## SOURCE MATERIAL
<<<<

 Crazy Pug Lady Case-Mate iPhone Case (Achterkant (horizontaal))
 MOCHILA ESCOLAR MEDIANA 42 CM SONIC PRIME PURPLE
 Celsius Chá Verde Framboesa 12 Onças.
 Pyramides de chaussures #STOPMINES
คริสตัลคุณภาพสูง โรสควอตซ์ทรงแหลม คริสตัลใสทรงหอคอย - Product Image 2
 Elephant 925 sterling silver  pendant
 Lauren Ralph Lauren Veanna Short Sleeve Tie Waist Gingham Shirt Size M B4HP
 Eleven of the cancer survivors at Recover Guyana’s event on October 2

>>>>
<<<<

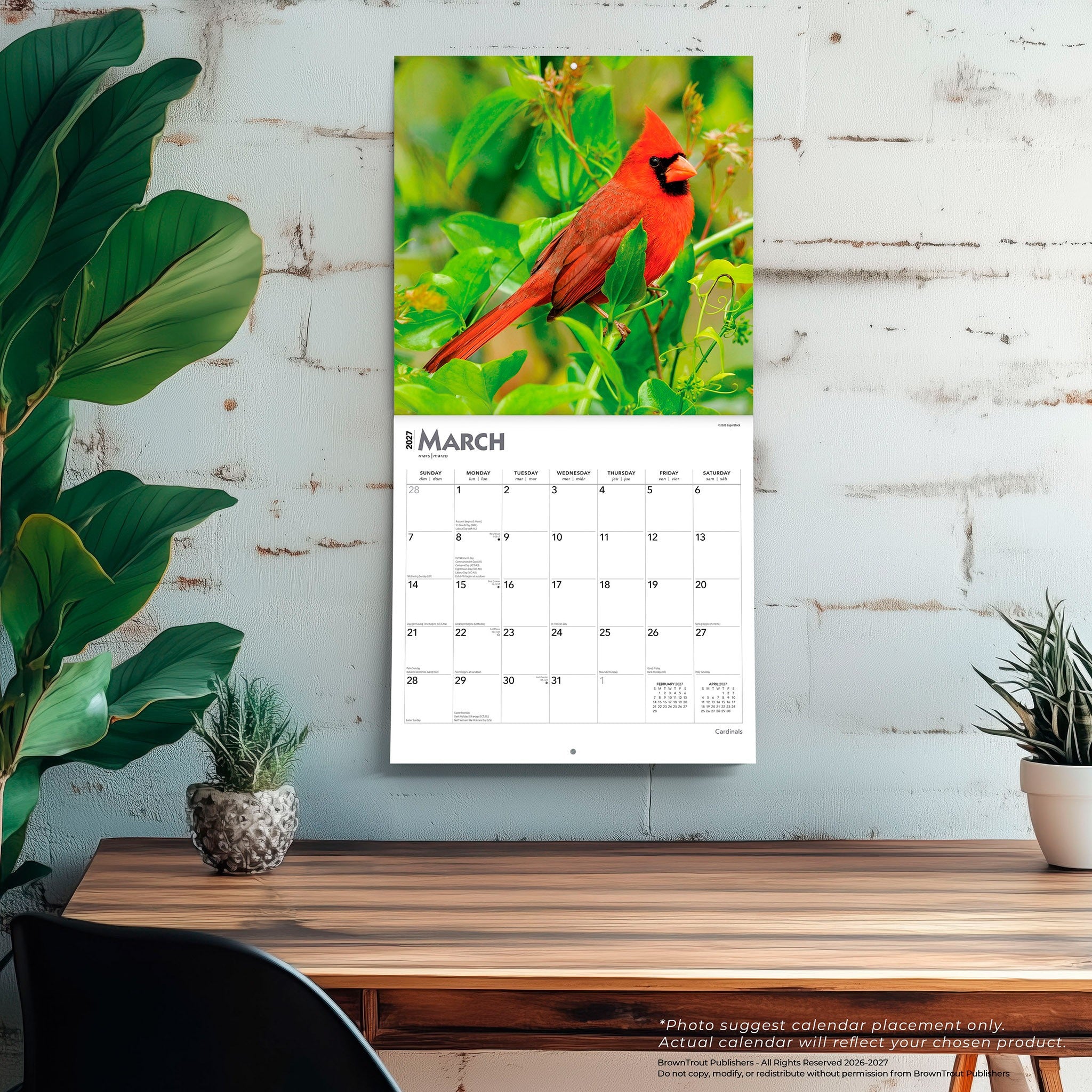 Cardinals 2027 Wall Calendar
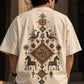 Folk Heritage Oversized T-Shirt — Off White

>>>>

## AIM OF THE EXERCISE
Set down exactly the lines of the data above, beginning with the line that has "Crazy Pug Lady" and ending with the line that has "Lauren Ralph Lauren", and no others.

## SOLUTION TO THIS TASK
 Crazy Pug Lady Case-Mate iPhone Case (Achterkant (horizontaal))
 MOCHILA ESCOLAR MEDIANA 42 CM SONIC PRIME PURPLE
 Celsius Chá Verde Framboesa 12 Onças.
 Pyramides de chaussures #STOPMINES
คริสตัลคุณภาพสูง โรสควอตซ์ทรงแหลม คริสตัลใสทรงหอคอย - Product Image 2
 Elephant 925 sterling silver  pendant
 Lauren Ralph Lauren Veanna Short Sleeve Tie Waist Gingham Shirt Size M B4HP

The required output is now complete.